▸ Task description
Here is a set of records. Copy them all exactly.

(Data items)
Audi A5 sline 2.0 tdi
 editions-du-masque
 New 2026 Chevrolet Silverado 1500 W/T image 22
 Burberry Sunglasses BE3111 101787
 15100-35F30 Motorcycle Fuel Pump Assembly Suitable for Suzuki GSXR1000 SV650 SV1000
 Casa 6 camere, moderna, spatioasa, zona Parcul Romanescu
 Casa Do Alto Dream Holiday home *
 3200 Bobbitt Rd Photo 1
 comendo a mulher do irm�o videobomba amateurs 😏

▸ Answer box
Audi A5 sline 2.0 tdi
 editions-du-masque
 New 2026 Chevrolet Silverado 1500 W/T image 22
 Burberry Sunglasses BE3111 101787
 15100-35F30 Motorcycle Fuel Pump Assembly Suitable for Suzuki GSXR1000 SV650 SV1000
 Casa 6 camere, moderna, spatioasa, zona Parcul Romanescu
 Casa Do Alto Dream Holiday home *
 3200 Bobbitt Rd Photo 1
 comendo a mulher do irm�o videobomba amateurs 😏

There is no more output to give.